[Nsi-wg] Pathfinding, Labels, and Topology ([still] a bit long)
Jerry Sobieski
jerry at nordu.net
Wed Nov 30 17:44:39 CST 2011
Rebuttals in line:-)
On 11/30/11 5:30 AM, Jeroen van der Ham wrote:
> Hello,
>
> I think it's most important to identify the requirements that we have for the topology, and work from there:
>
> - We need to have some distribution method for topology
> - This method must be maintainable for changes in the network, so it should allow updates.
> - It must be possible to request a connection from port A with VLAN X to port B with VLAN X.
> - It must be possible to request a connection from port A with VLAN X to port B with VLAN Y.
The first two I am in agreement with. The second two I will argue are
not real requirements of topology - they reflect some conventional
notions of traditional signaling protocols and assume specific
technology. Try to remember that the objective of NSI is to build
*connections* - not VLANs per se. In NSI we have an abstracted model of
a "connection" as a conduit for transporting payload data between two
endpoints. These connections simply ride atop the infrastructure
whatever it is. So the VLAN itself is not critical to NSI.
I assert the following:
- In an *ethernet* environment and traditional protocols you might
expect this to be necessary, but its not a broad based requirement for
NSI. We need to generalize the sentiment in order to keep the abstractions.
- We *can* reserve a connection from a specific port and VLAN by
associating the switch, port, vlan etc with and STP. As long as the RA
somehow maps the VLAN to the STP then the RA places that STP as the
endpoint. Simple. The CS protocol can do this.
Further, since NSI addresses the inter-domain problem - where external
agents do not pry into local affairs but ask politely for services to be
provided - we have specified NSA/NRMs to deal with local pathfinding and
resource allocation. The remote pathfinder may not have sufficient
information available to make a VLAN selection...indeed probably will
not (VLAN selection is not simply finding an avaialble VLAN id.) I
would argue that the RA either knows apriori which STPs are associated
with the VLANs it wants, or it doesn't care. But the PA doesn't care.
The question is: does a remote pathfinder have access to the technology
specific details and the current state information from the local
network? I.e. you must know both in order to short circuit the
exhaustive search issue. If it does, the remote pathfinder discerns
the STP it needs from that topology information and makes a reservation
request usng that STP. It is a vlan specific request. But it does
not make the CS protocol vlan sensitive.
Even if the remote [RA] pathfinder knows which VLAN it wants and knows
the associated STP but has no internal state information about the STPs,
then it must still guess.
So the real issue is not whether we can request a specific VLAN, but
knowing which STP represents a specific VLAN, on a particular port, on a
particular switch, in a particular network _/and its state/_. This is
starting to be a lot of detailed information that is all internal to a
foreign network.
>
> Nice to haves:
> - Dynamic availability information for both links and labels.
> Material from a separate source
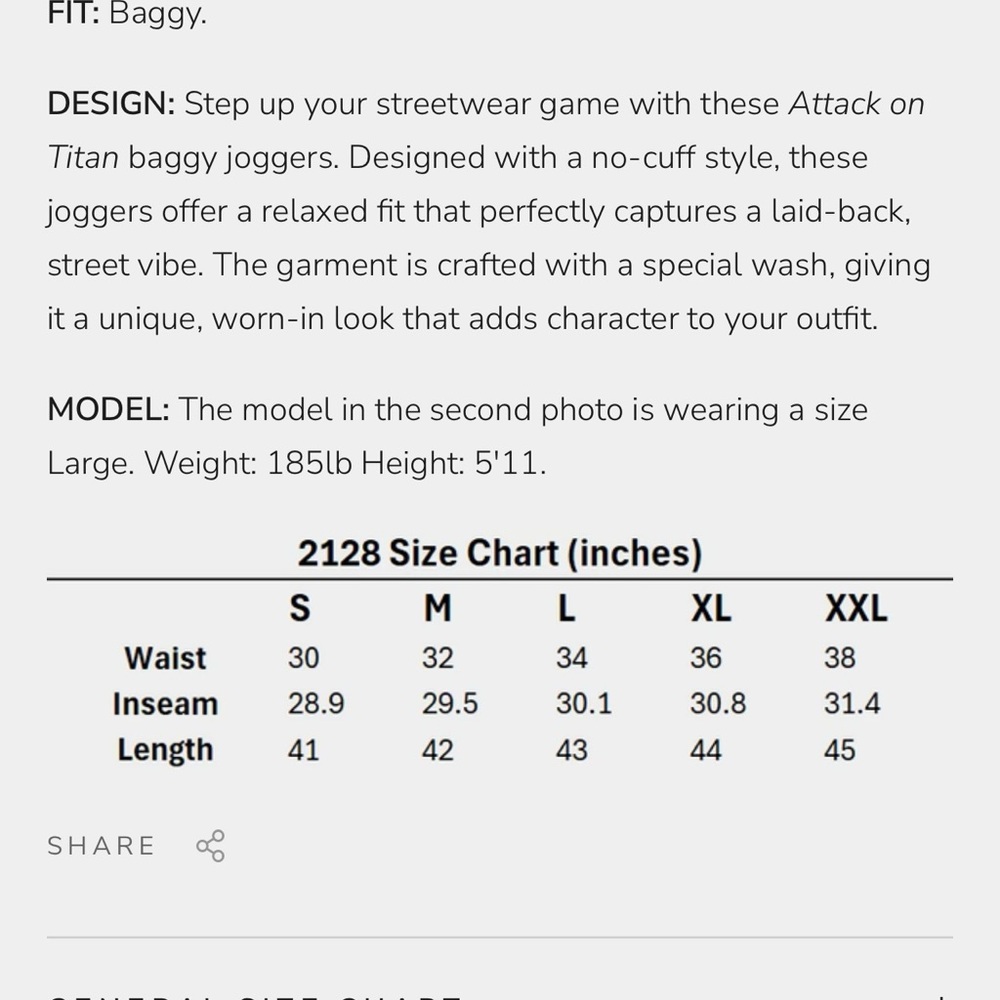 YoungLA 2128 AOT Eren Sword baggy joggers - Picture 3 of 4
As stated above, unless you have this "availability" information for
your labels (or *any* termination point), you will end up guessing at
their availability - which means you still have not solved the
exhaustive search problem.
But more generally, availability is in fact "state" information. This
is a *real* scaling challenge as state is myriad and changes often. The
different state values associated with a topological object as simple as
a VLAN might be: a) is it operationally up or down? b) is it allocated
or available? c) how much of the resource is available? Flooding this
information for 4000 different vlans on every port is impractical, let
alone a whole network making this information available to any/every
other curious agent.
I think we can find a middle ground and say we want to update *some*
minimal state such as "operational availability", at some topological
aggregation level, but even this is non-trivial given the related
aspects across labels, ports, and/or other groupings. And since this is
proprietary information, you must be prepared to not have *any* such
state associated with the topology you know about.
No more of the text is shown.